Однажды под конец марта, когда Элеонора чувствовала себя гораздо лучше и кашель почти исчез, он повез ее покататься в своей коляске. С утра погода обещала быть солнечной, но затем внезапно испортилась — повалил мокрый снег, и турку пришлось поднять верх коляски. По дороге в город девушка выразила желание заехать к нему домой. Доктор Старирадев уже давно заметил, что она нетерпеливо ждет, когда он откроется ей в своих чувствах и сама всячески способствует этому.
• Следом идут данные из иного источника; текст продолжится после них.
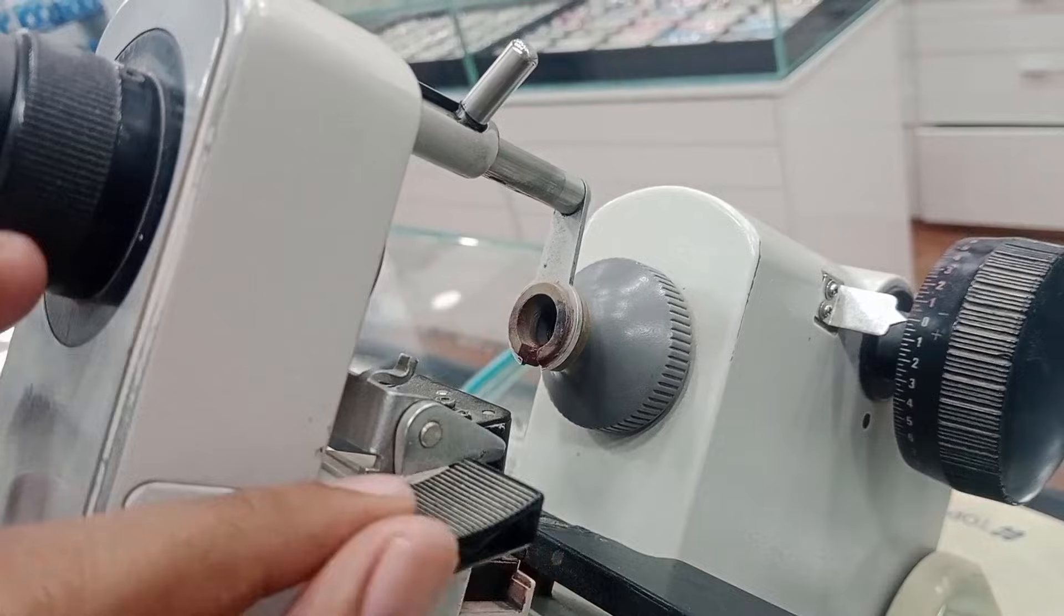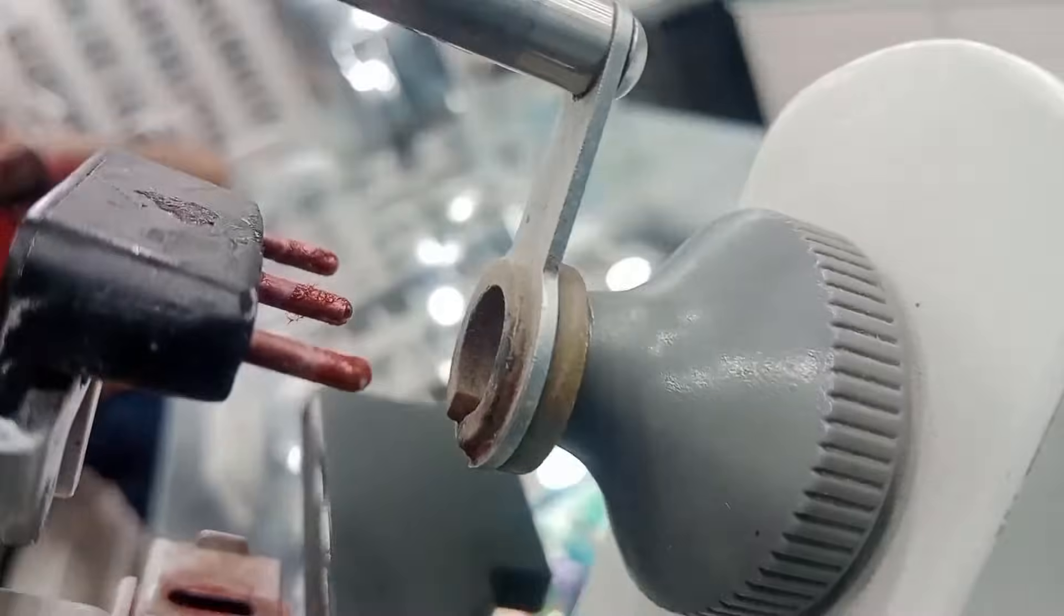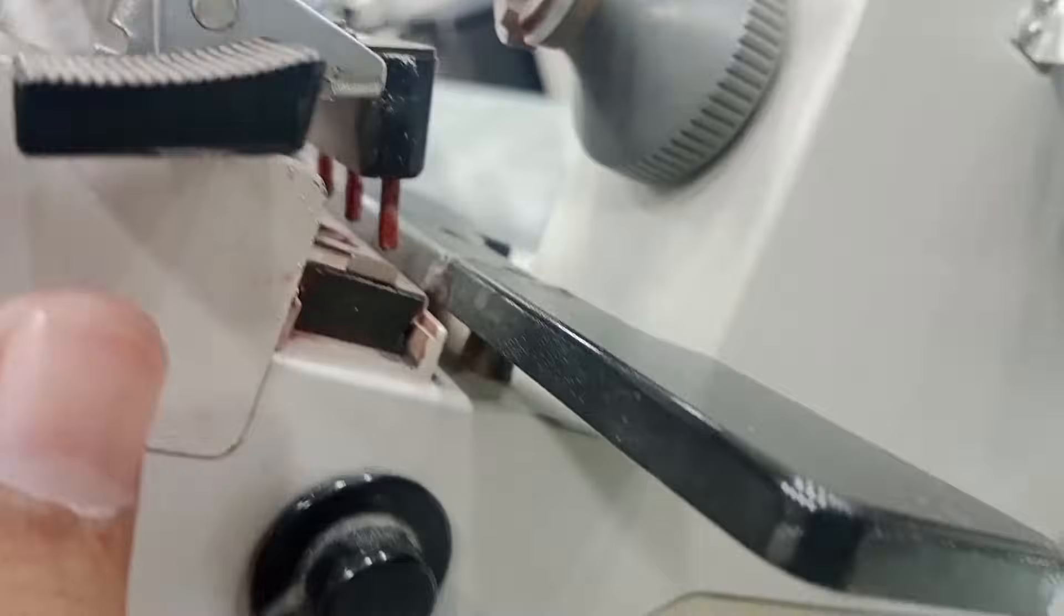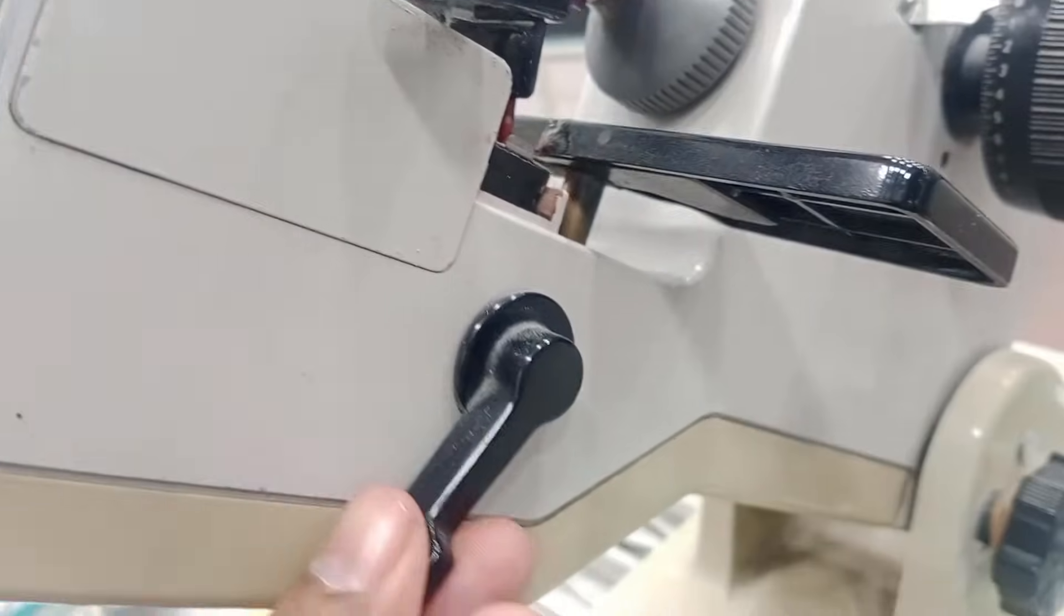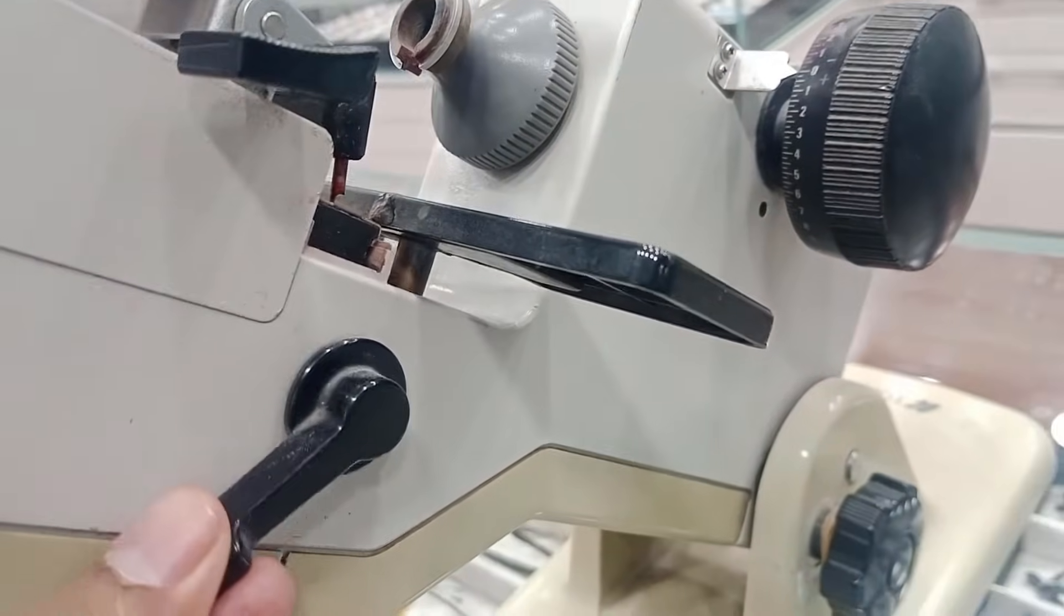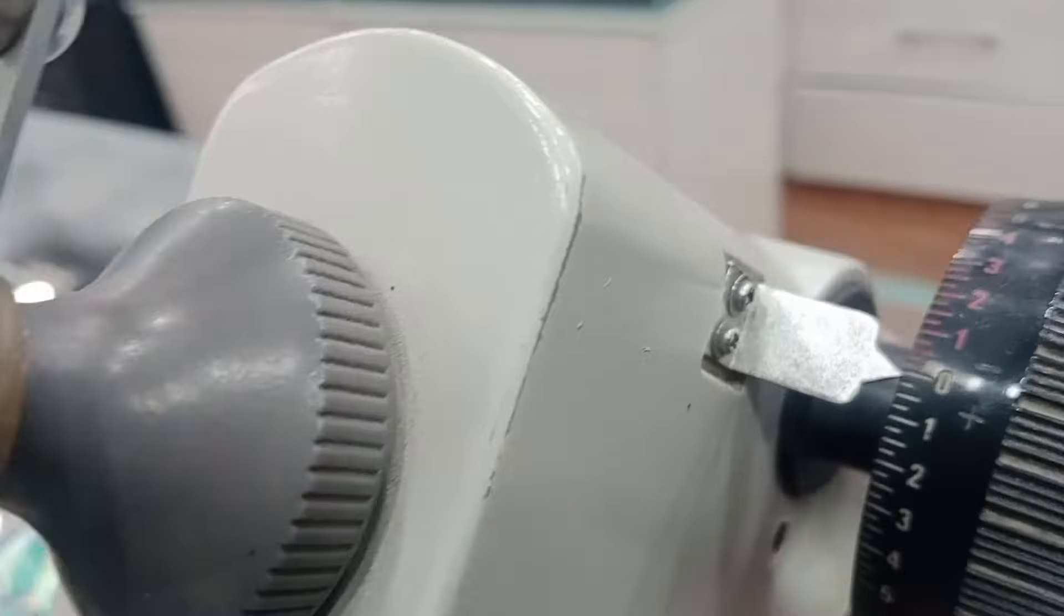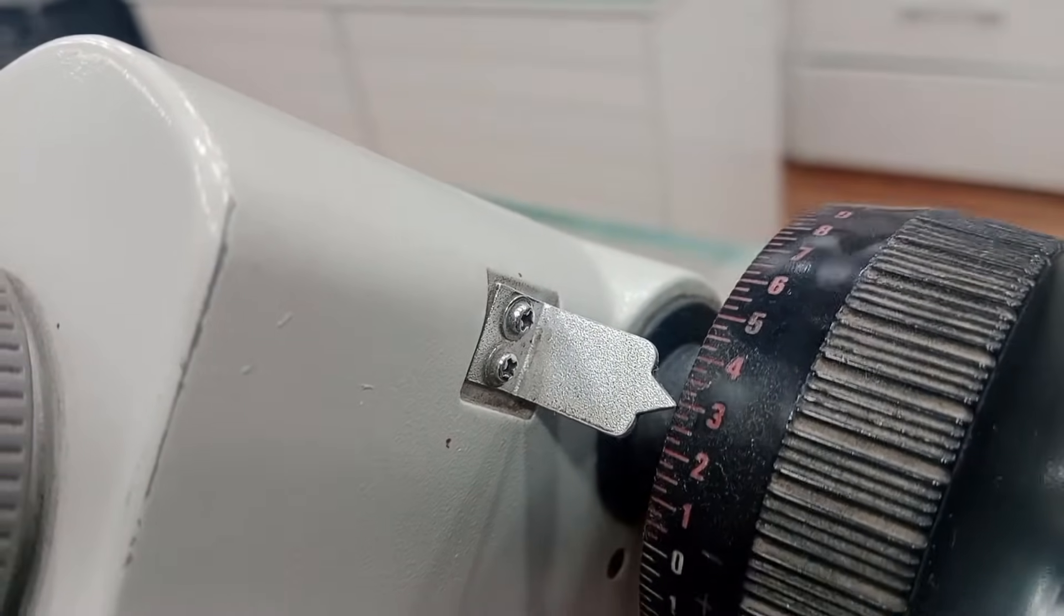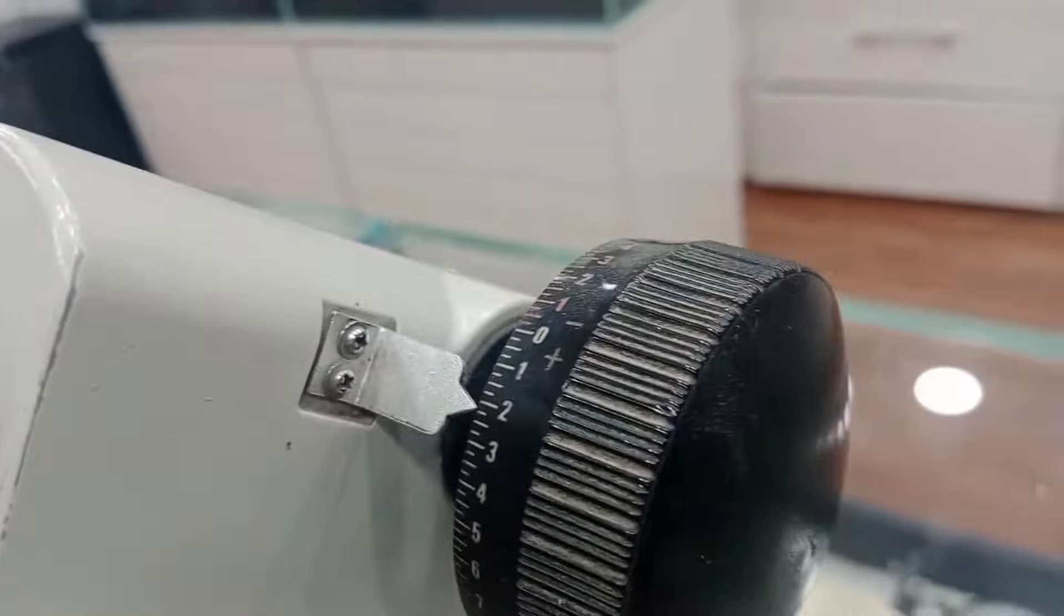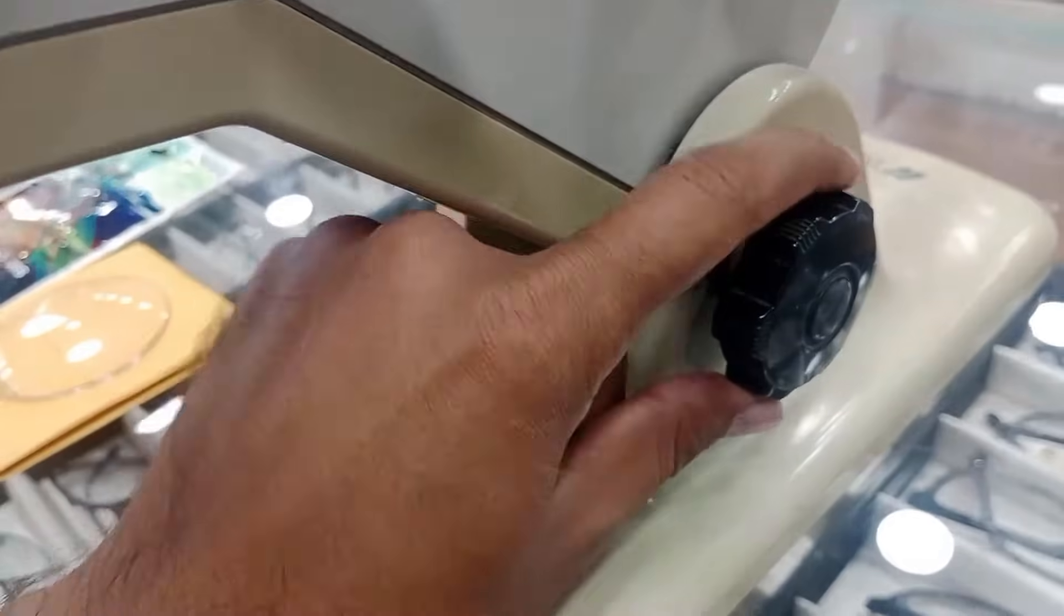And this is for axis marking. You can mark your axis with these markers, and this is to adjust the optical center of the spectacles or blank. And this is our power dial.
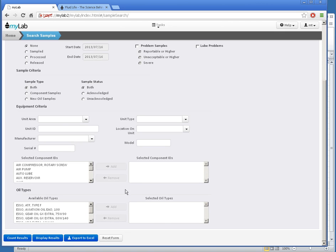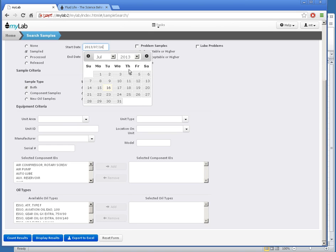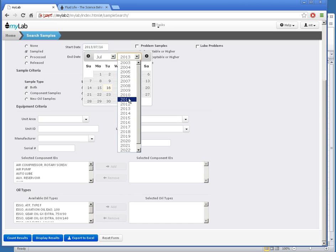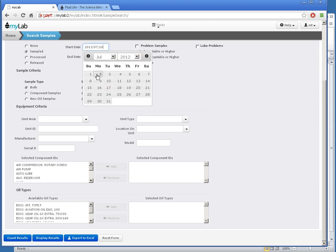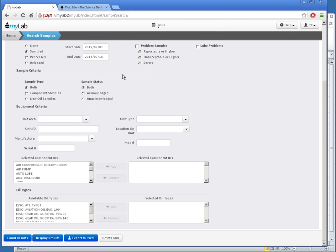Let's work through an example. I'm only interested in samples taken last year, so I'll set that. I only want severe problems on Caterpillar engines.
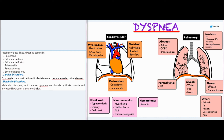Dyspnea occurs in pneumonia, pulmonary edema, pulmonary effusion, poliomyelitis, pneumothorax, severe asthma, etc. Cardiac disorders: dyspnea is common in left ventricular failure and decompensated mitral stenosis. Metabolic disorders that cause dyspnea include diabetic acidosis, uremia, and increased hydrogen-ion concentration.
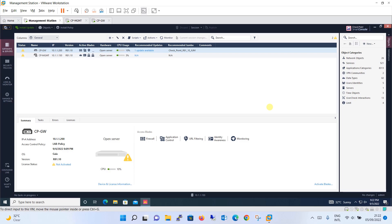Threat prevention is a technique which inspects traffic to and/or from all objects specified in the protected scope, even when the specified object did not open the connection. This is an important difference from the source object in firewall rules, which define the object that opens a connection.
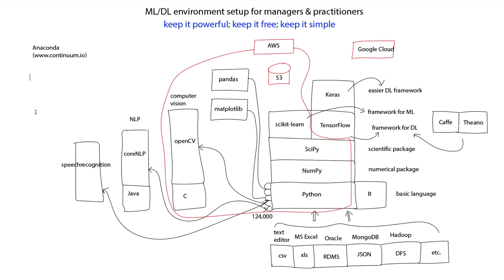Anaconda includes in its installation the basic Python, NumPy, and SciPy. And if you want to add other packages such as Scikit Learn, TensorFlow, or Keras, all you have to do is give a simple command like pip install.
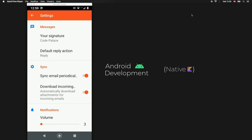In this video I'm going to be going over how we can create a settings fragment in Android Studio using the settings component from Android Jetpack. Let's just jump right into it.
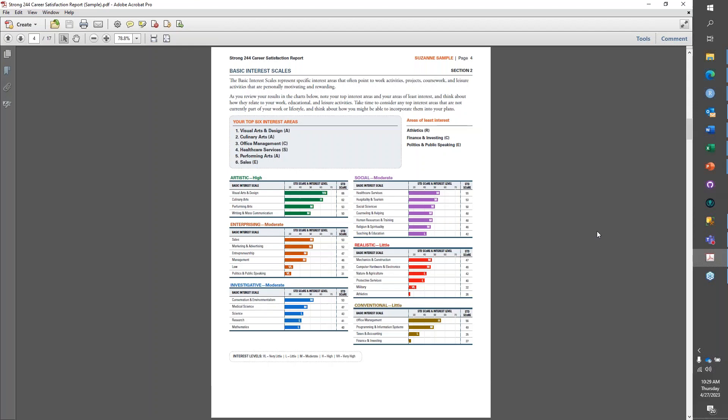Next is the basic interest scales page. This looks very similar to the current Strong profile. We do have the two new basic interest scales in this section. We present the top six interest areas and the bottom three interest areas. Otherwise, this page is very similar and should be straightforward to work with.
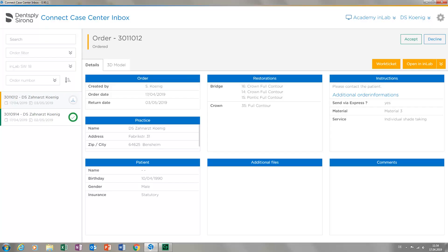We are already on the start page of our Connect Case Center Inbox. You can find detailed information about the installation and initial configuration in our video tutorial on the topic of Connect Case Center Inbox Initial Configuration. The start page is divided into several sections.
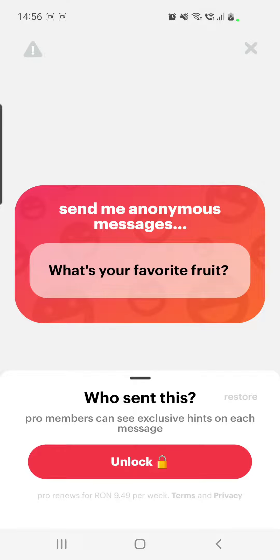Not per month. So in this way, pro members can see exclusive hints on each message. That means you will not see the exact username or the exact person who sent you that message — you will only see general hints, like what type of phone the person has or where that person is from.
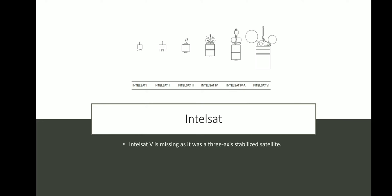Examples of spinner-type satellites include Intelsat 1, 2, 3, 4, 4A, and 6. Intelsat 5 is not listed here because it was a three-axis stabilized satellite. All other satellites shown on the slide are spinner satellites, and you can see the drum shape in their images.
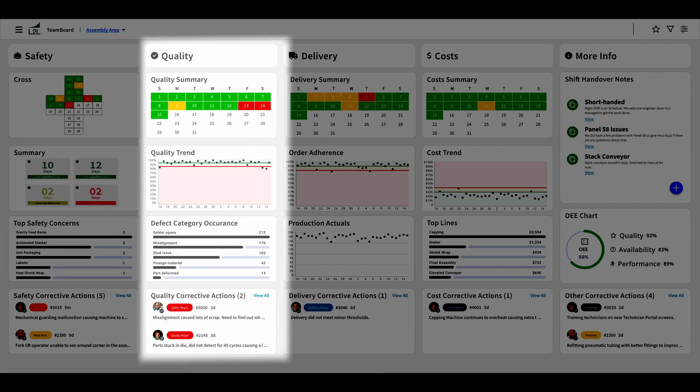The quality column consists of a calendar, quality trend, defect Pareto, and corrective action list. If you look at the defect Pareto and corrective actions, it seems like we're having an issue with misalignment. In our next meeting, we should bring that up with the quality manager and see if he has a solution.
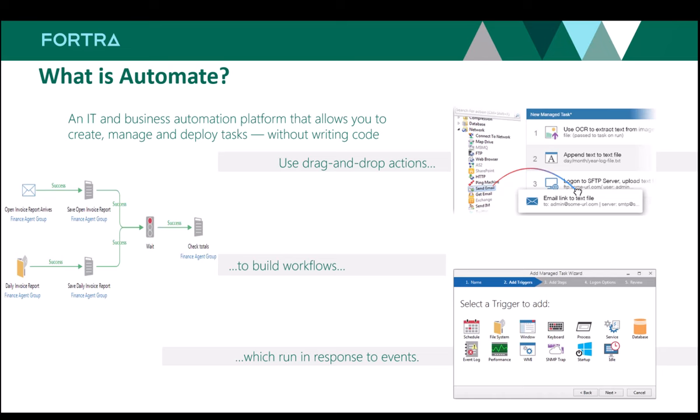Automate by Fortra is a comprehensive automation platform designed to empower businesses to automate and streamline their processes. It provides a robust set of tools that allows users to automate repetitive tasks, integrate disparate systems, and manage workflows, all without requiring in-depth coding knowledge.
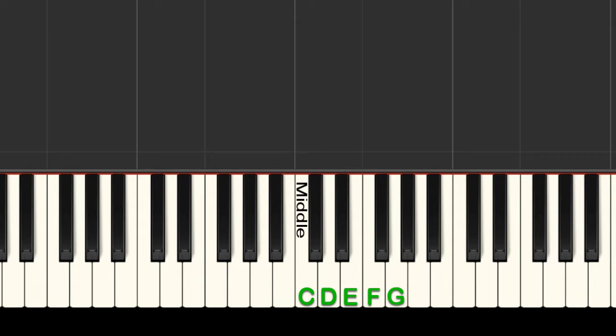To start off, place your right hand thumb on middle C, pointer finger on D, middle finger on E, ring finger on F, and pinky on G.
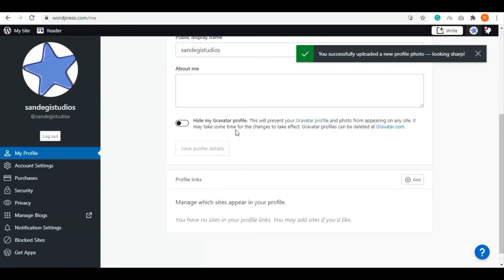Select 'Hide my gravatar profile' - this will prevent your Gravatar profile and photo from appearing on any site.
Он попробовал было отговорить ее, но Элеонора настаивала, и он вынужден был согласиться. Они вышли из коляски перед его домом, и он повел ее к себе, затаив в душе вполне определенное подозрение. В городе все знали об их совместных прогулках и, разумеется, ожидали, что она станет его женой. Это обязывало его, а между тем он не был уверен, что болезнь побеждена, и хотел выждать по крайней мере до конца весны. Теперь, вводя ее в свой дом, он не сомневался, что ею движет желание остаться с ним наедине. С другой стороны, ему не хотелось, чтобы она увидала Марину. Он подозревал, что ей кое-что известно о его помощнице и приехала она с явной целью взглянуть на нее.
Прежде чем отпереть входную дверь, он дернул за шнурок звонка, чтобы предупредить бабку Винтию о своем приходе. В передней, к удивлению доктора, никого не было, но когда они поднимались по лестнице, наверху показалась Марина.
— Где бабка Винтия? Ты одна?
Было воскресенье, и старуха пошла в В а рушу проведать дочь.
— Приготовь чай и подай в кабинет! — сказал он, стараясь не встречаться с Мариной взглядом. — Мадмуазель Смилова выпьет чаю с коньяком. И посмотри, есть ли в доме печенье!
Он знал, что Марина видит недовольное выражение его лица, и нарочно говорил подчеркнуто властным тоном.
— Можно и просто чай… Но где у вас приемная? Я иначе представляла себе ваше жилище.
— Сейчас покажу. — Он помог ей снять тяжелую шубу, краешком глаза заметив, что она проводила взглядом Марину, спускавшуюся вниз по лестнице.
— Вы полагали, что у меня просторнее. К сожалению, это не так. Здесь приемная! — Он открыл дверь, внес в кабинет маленькое венское кресло и поставил у печки.